## Brief
Give back exactly the lines from the one that holds "García Padilla compartió" through the final line of the data; omit the pictures and add nothing.

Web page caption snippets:
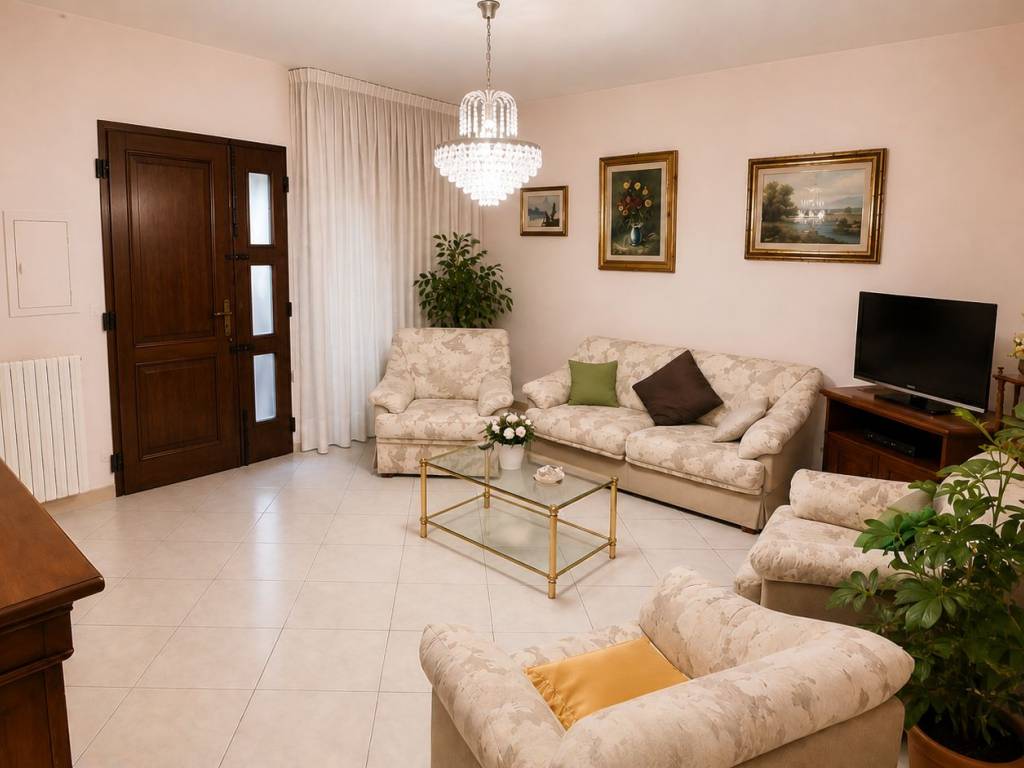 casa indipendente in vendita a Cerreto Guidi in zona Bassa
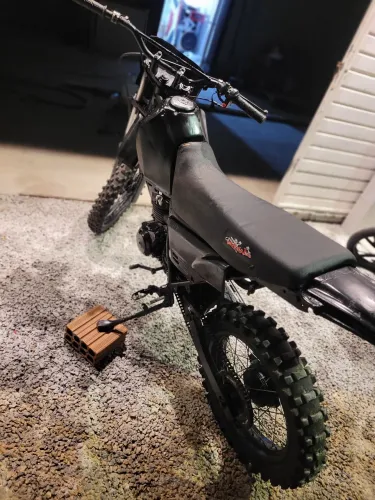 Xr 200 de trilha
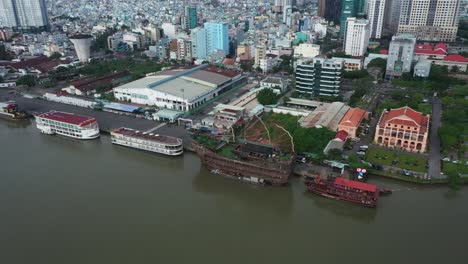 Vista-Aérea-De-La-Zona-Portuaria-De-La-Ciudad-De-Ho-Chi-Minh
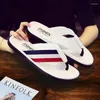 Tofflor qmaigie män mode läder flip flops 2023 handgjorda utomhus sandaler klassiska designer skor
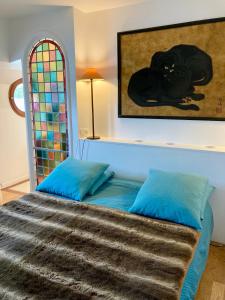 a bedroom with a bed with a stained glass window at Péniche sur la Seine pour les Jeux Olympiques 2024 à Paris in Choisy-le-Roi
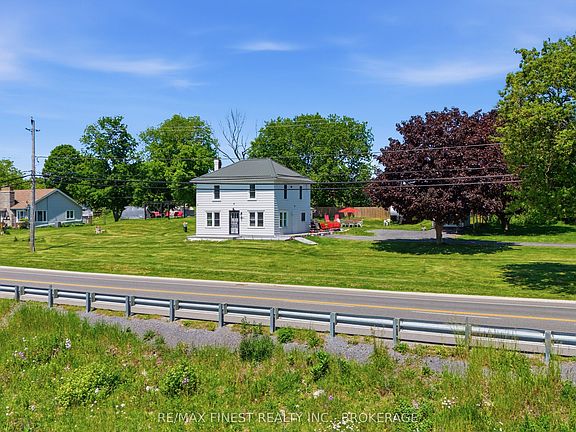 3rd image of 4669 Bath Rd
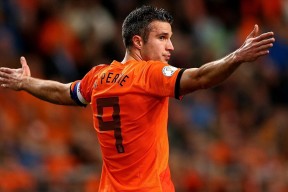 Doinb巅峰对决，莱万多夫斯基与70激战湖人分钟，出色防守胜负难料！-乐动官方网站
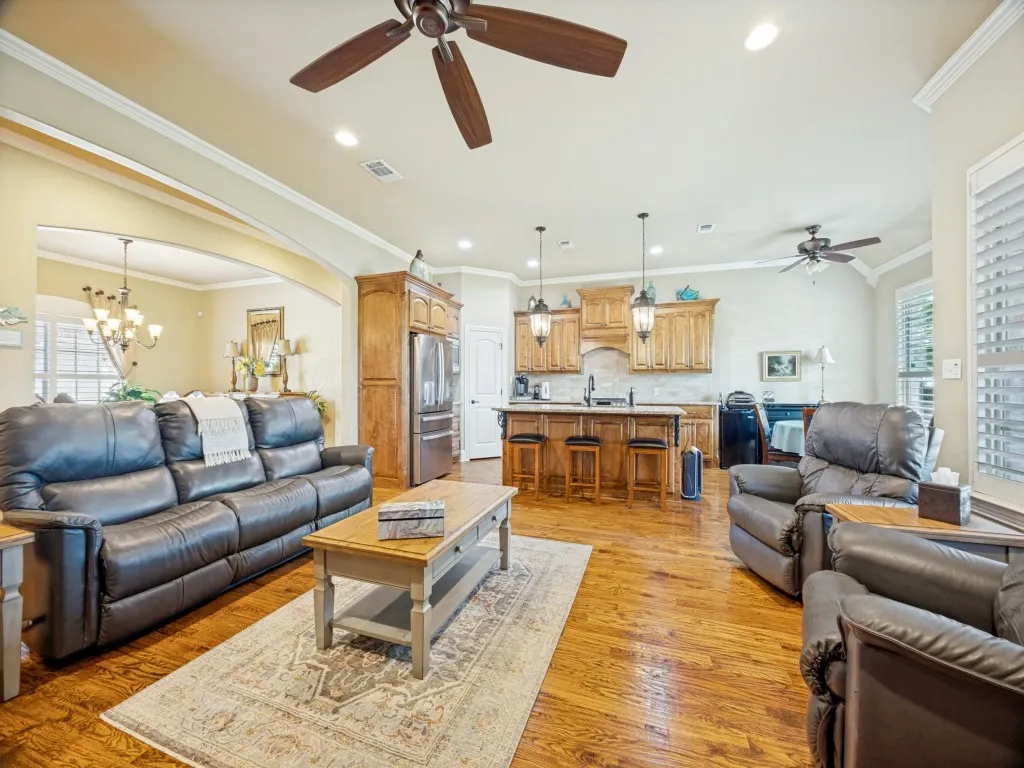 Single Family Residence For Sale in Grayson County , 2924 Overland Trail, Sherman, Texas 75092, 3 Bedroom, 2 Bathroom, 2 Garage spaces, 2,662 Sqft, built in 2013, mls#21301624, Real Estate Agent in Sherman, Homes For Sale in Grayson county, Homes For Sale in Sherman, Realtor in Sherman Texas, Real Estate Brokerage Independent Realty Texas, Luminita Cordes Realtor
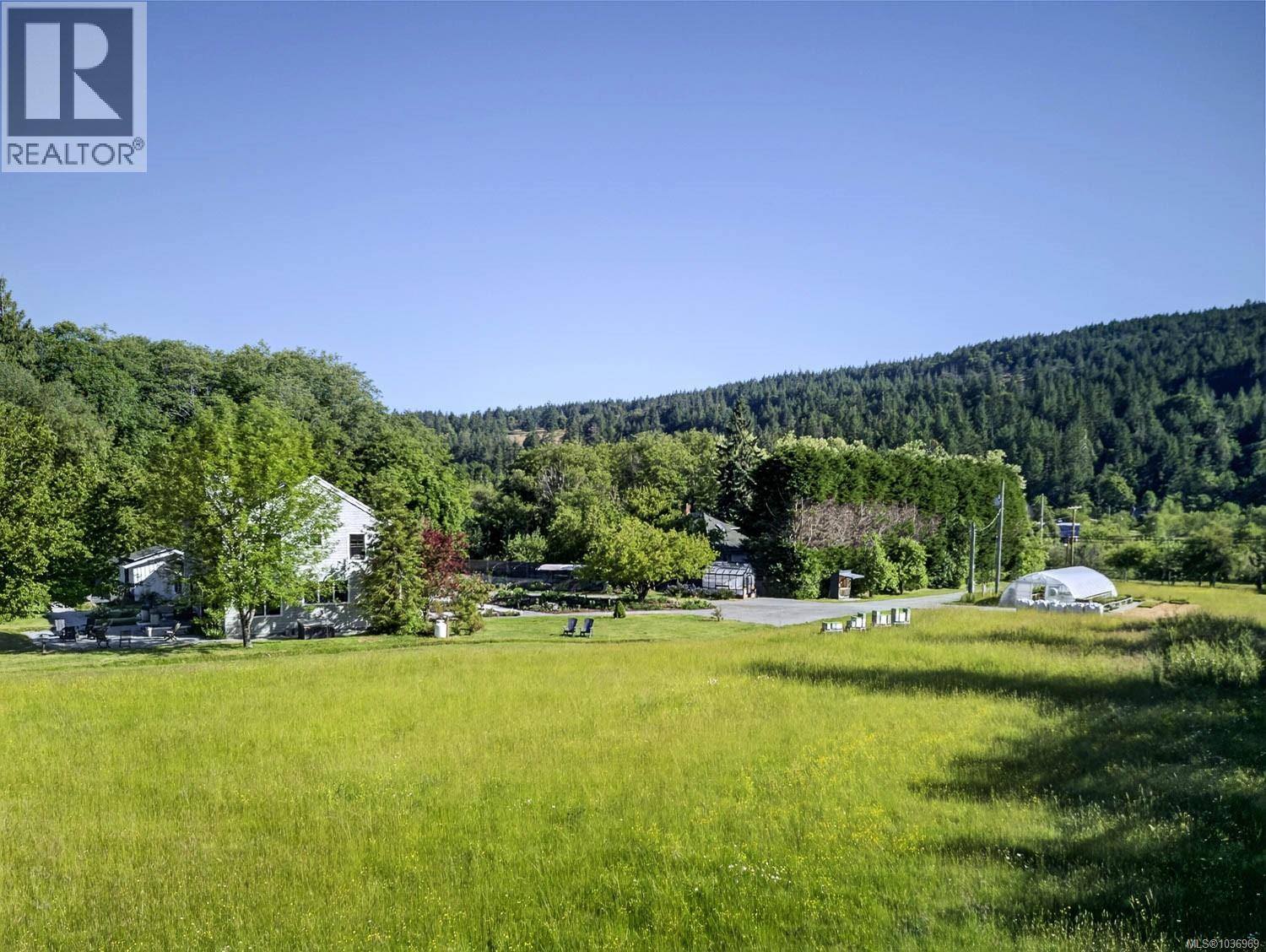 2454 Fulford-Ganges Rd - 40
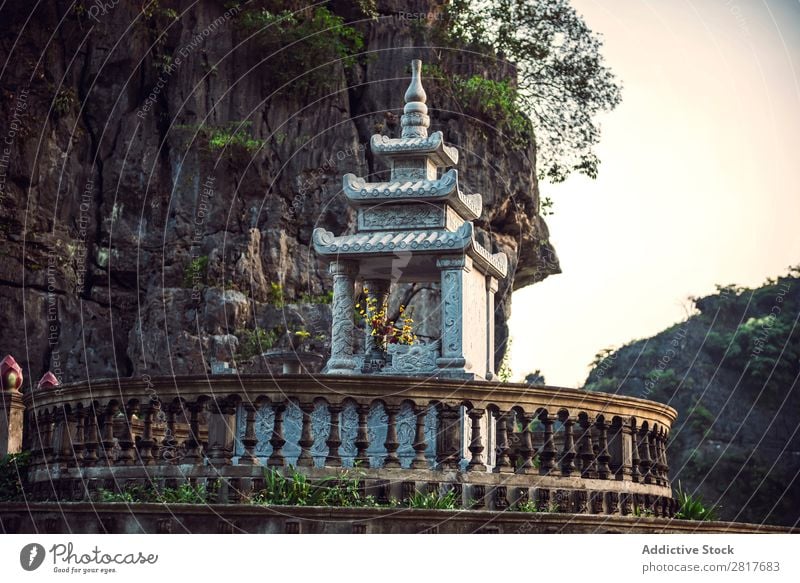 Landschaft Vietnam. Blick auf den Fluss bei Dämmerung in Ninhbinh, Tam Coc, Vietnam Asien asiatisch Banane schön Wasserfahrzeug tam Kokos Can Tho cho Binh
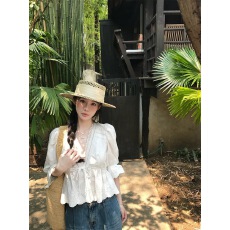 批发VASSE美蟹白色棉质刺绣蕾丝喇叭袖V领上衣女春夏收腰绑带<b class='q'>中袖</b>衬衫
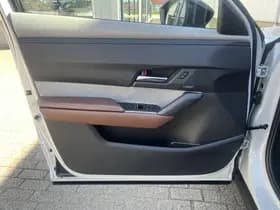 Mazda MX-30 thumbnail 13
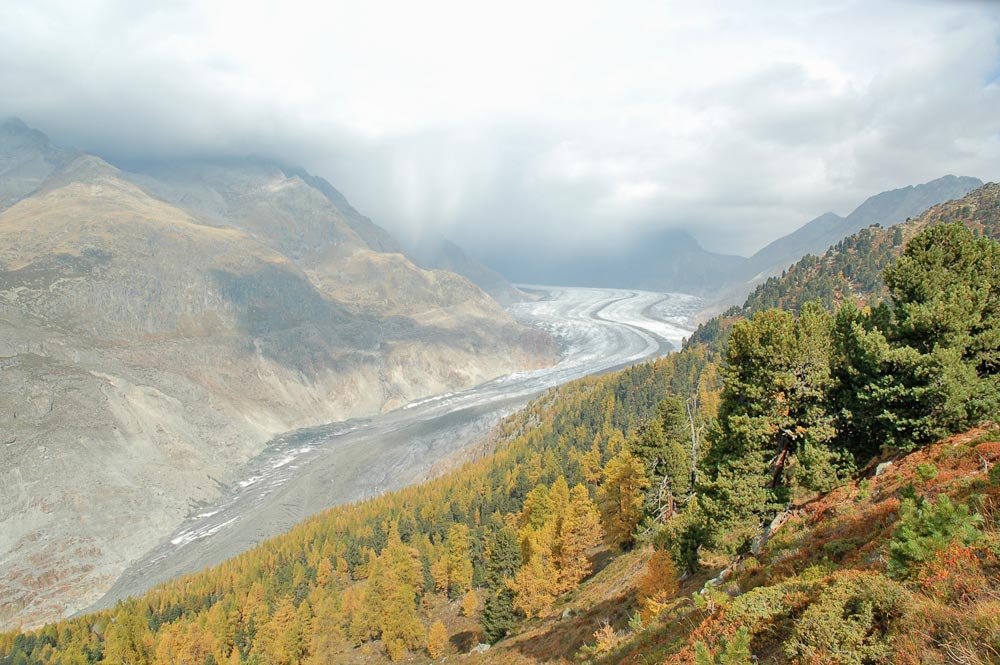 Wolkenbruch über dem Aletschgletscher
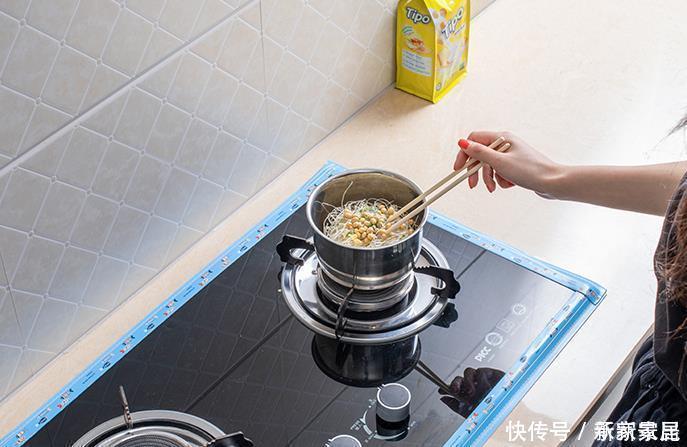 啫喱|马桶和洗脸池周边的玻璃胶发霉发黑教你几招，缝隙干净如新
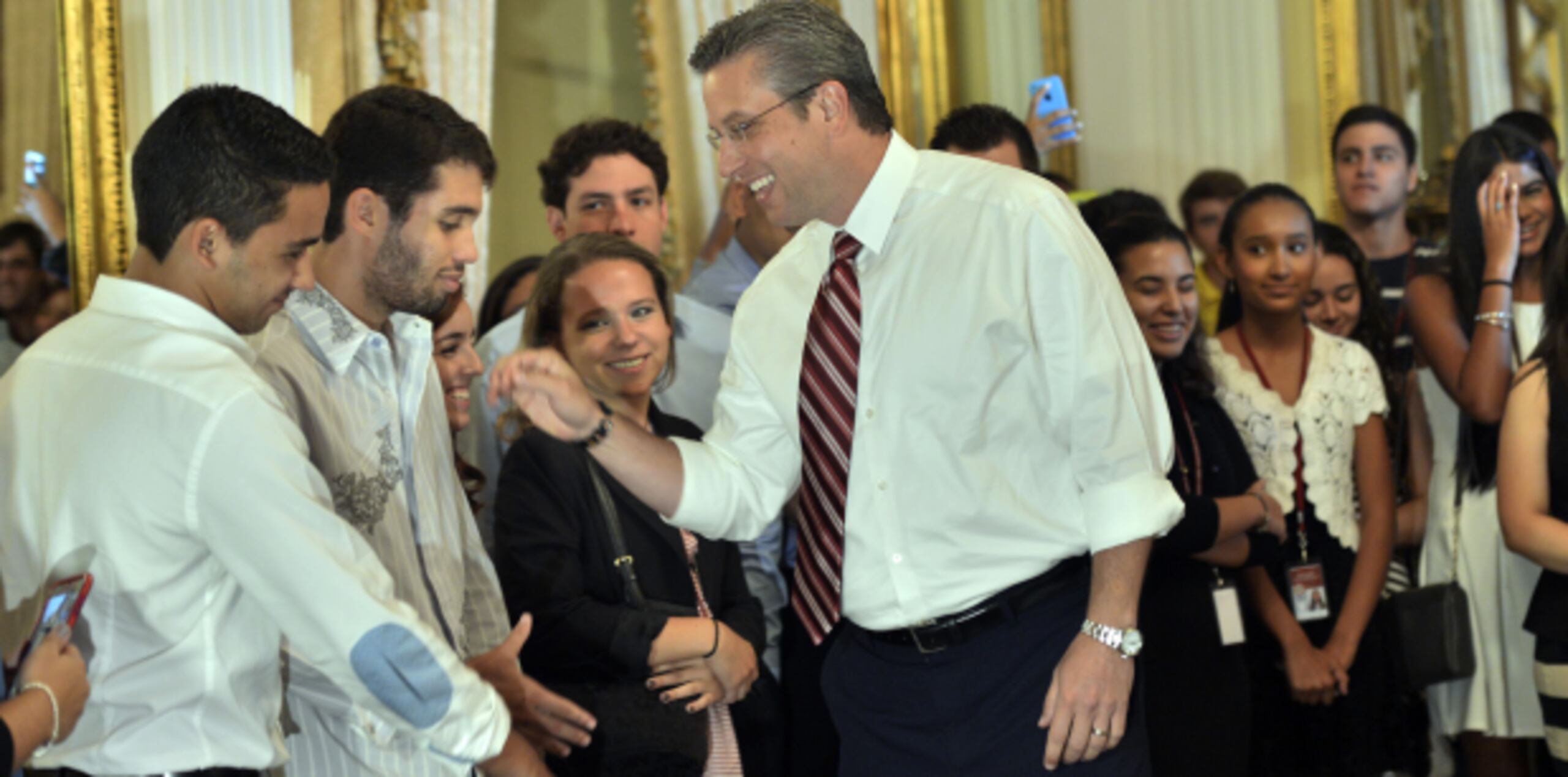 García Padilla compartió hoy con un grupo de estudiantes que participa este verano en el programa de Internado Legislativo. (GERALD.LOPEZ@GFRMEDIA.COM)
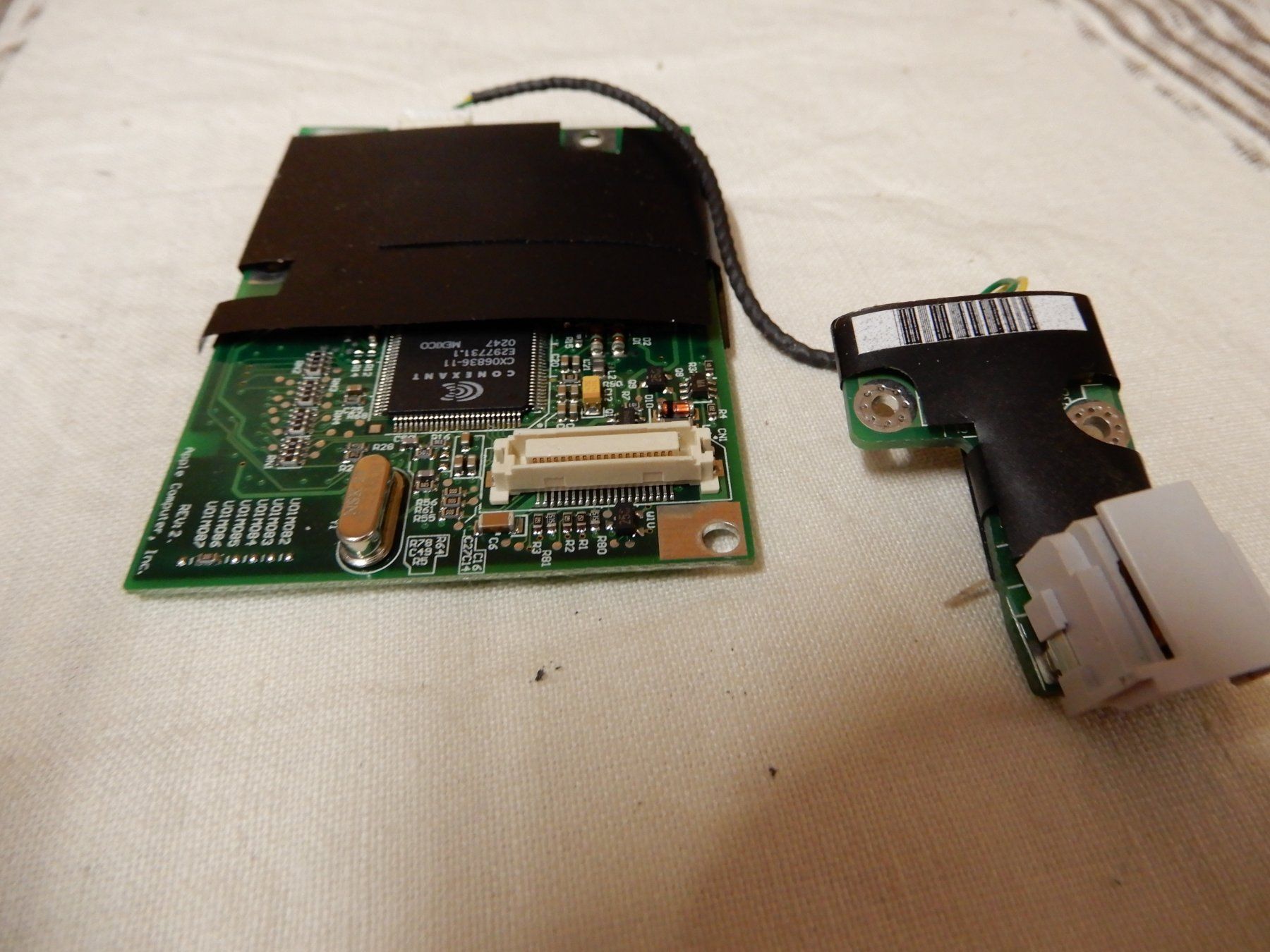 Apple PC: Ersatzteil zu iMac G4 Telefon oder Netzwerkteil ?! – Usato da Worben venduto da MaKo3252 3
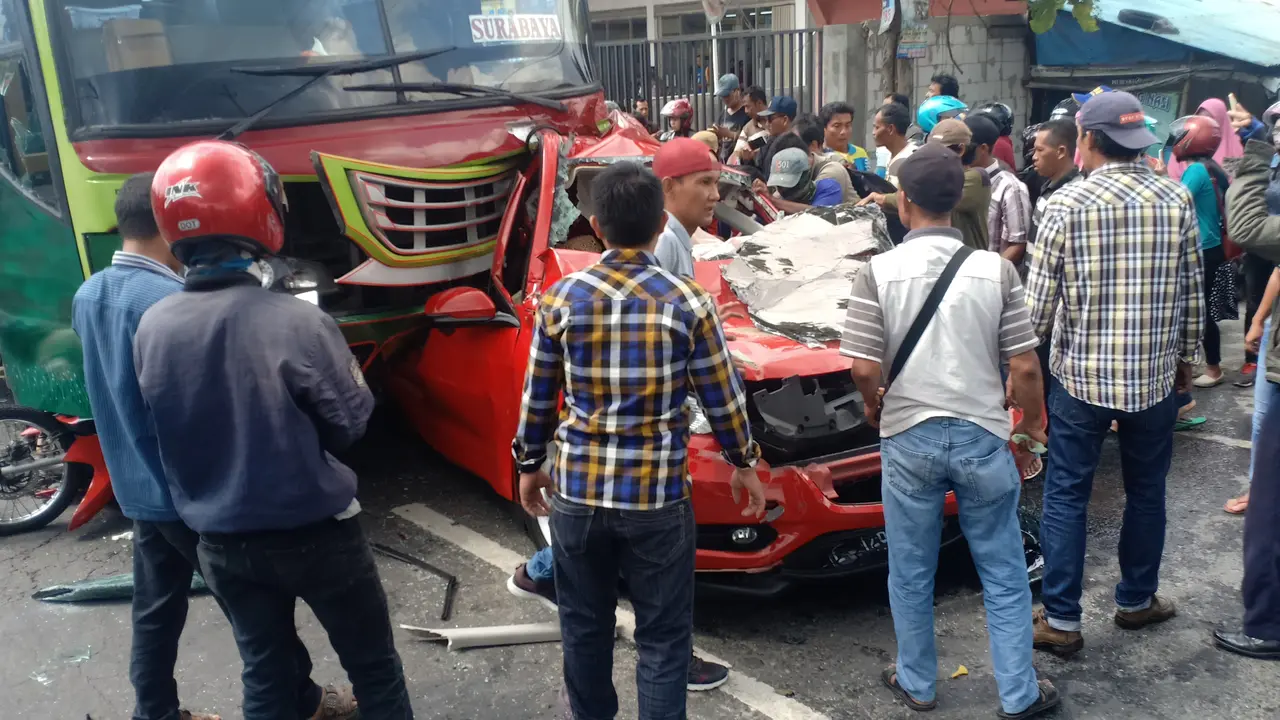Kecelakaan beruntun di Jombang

## Task response
 García Padilla compartió hoy con un grupo de estudiantes que participa este verano en el programa de Internado Legislativo. (GERALD.LOPEZ@GFRMEDIA.COM)
 Apple PC: Ersatzteil zu iMac G4 Telefon oder Netzwerkteil ?! – Usato da Worben venduto da MaKo3252 3
Kecelakaan beruntun di Jombang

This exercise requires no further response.